Through AB 2044, The Legislature Enhances Child Custody Protections In Cases Involving Domestic Violence

Domestic violence (“DV”) is a potential game-changer in child custody contests.  In 2014’s Assembly Bill (“AB”) 2089, the Legislature expressly declared, among other findings, “[t]here is a positive correlation between [DV] and child abuse, and children, even when they are not physically assaulted, suffer deep and lasting emotional, health, and behavioral effects from exposure to [DV].” (Uncodified section I of AB 2089.)

Family Code sections 3020, 3011 and 3044 in pertinent part address DV in child custody cases.  They are a part of the “hodgepodge” of confusing and sometimes contradictory provisions, as California Family Law guru, Garrett Dailey, has put it, enacted by the Legislature in its rush to enact one DV statute after another over the past twenty or so years.

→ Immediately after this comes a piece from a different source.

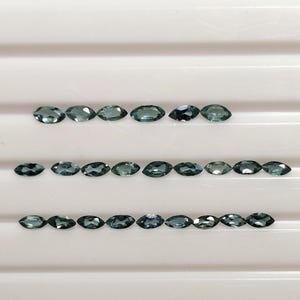 Puede incluir: Una variedad de gemas de talla marquesa de color verde azulado, dispuestas en filas sobre una superficie blanca. Las gemas, de forma ovalada con extremos puntiagudos, muestran tonos que van del verde azulado claro al oscuro. La disposición resalta la forma y el color de las gemas.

AB 2044, signed by Governor Brown in September 2018, strengthens the anti-DV aspects of all three statutes.

Section 3020 broadly addresses competing policy concerns.  One is the policy of protecting children’s health, safety and welfare.  Another is that children should have frequent and continuing contact with both parents.  In adding new section 3020(c), AB 2044 clarifies that the former trumps the latter:  “When [these] policies … are in conflict, a court’s order regarding physical or legal custody or visitation shall be made in a manner that ensures the health, safety, and welfare of the child and the safety of all family members.”

Section 3011 provides that, in making a custody order, the court “shall” consider any history of abuse by a parent seeking custody.

As a prerequisite to the consideration of allegations of abuse, the court may (not “must”) require “independent corroboration.” This can be, without limitation, through written reports by law enforcement agencies, child protective services or other social welfare agencies, courts, medical facilities, or other public agencies or private nonprofit organizations providing services to victims of sexual assault or DV.  AB 2044 de-emphasizes the level of “independent corroboration” potentially required.  The statute previously stated “substantial” amounts, but the adjective is now eliminated.

If DV allegations are made in a custody proceeding, 3011(e)(1) requires a court to “consider” them and to ultimately state its reasons in writing or on the record if it makes any orders allowing custody rights to the abuser.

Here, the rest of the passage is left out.